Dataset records
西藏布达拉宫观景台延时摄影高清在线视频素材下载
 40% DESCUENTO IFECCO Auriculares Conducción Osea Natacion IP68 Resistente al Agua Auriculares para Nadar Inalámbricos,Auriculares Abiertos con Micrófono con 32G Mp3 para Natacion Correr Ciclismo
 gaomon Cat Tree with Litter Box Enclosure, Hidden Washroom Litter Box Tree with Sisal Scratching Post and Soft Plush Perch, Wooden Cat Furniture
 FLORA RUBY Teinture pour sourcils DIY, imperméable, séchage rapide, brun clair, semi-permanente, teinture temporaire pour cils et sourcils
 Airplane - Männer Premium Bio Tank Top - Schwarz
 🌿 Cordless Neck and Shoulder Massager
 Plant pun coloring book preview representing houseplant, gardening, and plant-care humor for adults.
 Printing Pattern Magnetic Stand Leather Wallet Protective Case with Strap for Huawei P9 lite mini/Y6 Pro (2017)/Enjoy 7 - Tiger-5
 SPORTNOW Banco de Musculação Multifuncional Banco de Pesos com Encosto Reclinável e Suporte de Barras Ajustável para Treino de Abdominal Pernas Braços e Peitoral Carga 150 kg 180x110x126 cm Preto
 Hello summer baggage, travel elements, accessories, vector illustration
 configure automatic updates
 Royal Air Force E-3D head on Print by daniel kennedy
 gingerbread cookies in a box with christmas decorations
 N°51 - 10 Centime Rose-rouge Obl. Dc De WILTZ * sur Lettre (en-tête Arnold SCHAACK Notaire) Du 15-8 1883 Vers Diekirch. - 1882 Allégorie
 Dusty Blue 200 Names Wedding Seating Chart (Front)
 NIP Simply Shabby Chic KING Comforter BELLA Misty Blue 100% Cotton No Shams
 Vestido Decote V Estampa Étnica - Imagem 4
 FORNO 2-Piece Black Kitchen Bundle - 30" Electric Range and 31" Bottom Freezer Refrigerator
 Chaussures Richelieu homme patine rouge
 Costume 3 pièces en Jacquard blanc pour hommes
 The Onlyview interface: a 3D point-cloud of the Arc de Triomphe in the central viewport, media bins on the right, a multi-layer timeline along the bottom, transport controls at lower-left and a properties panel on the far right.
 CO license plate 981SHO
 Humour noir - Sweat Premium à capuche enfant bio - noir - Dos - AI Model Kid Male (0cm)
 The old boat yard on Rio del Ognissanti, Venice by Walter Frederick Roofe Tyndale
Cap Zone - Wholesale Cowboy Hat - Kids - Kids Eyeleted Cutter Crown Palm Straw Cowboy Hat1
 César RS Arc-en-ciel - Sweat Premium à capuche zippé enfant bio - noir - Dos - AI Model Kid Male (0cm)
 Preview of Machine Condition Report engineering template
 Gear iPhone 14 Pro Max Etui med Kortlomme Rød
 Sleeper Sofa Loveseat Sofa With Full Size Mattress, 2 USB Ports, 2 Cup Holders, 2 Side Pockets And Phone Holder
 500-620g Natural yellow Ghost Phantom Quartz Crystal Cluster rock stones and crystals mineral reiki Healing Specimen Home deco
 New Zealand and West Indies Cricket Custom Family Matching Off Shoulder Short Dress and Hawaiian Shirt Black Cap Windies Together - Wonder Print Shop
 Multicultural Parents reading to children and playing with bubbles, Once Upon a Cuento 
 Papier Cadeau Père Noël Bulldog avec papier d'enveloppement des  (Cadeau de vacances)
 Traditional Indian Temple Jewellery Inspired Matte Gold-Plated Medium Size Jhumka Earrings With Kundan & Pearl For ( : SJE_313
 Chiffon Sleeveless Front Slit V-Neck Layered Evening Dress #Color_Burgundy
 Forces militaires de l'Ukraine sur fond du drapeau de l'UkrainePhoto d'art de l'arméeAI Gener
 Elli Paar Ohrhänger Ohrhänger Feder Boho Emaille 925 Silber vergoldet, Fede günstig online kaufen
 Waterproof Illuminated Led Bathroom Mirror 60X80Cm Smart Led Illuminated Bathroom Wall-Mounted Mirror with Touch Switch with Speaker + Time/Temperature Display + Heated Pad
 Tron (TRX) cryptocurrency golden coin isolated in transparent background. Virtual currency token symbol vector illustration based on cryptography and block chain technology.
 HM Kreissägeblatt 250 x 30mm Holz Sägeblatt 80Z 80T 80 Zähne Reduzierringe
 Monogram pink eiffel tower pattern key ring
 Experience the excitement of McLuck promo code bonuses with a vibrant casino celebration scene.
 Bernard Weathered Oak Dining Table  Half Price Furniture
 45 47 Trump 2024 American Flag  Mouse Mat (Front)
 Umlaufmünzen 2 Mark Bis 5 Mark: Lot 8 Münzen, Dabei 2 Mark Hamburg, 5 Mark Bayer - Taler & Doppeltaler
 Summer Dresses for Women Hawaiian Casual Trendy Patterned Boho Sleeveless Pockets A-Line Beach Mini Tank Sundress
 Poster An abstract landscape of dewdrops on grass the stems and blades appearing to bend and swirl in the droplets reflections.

- Goal of the exercise
Taking the entries above, restate exactly those lines that fall between the line with "Preview of Machine" and the line with "New Zealand and", keeping both of those lines too.

- Worked solution
 Preview of Machine Condition Report engineering template
 Gear iPhone 14 Pro Max Etui med Kortlomme Rød
 Sleeper Sofa Loveseat Sofa With Full Size Mattress, 2 USB Ports, 2 Cup Holders, 2 Side Pockets And Phone Holder
 500-620g Natural yellow Ghost Phantom Quartz Crystal Cluster rock stones and crystals mineral reiki Healing Specimen Home deco
 New Zealand and West Indies Cricket Custom Family Matching Off Shoulder Short Dress and Hawaiian Shirt Black Cap Windies Together - Wonder Print Shop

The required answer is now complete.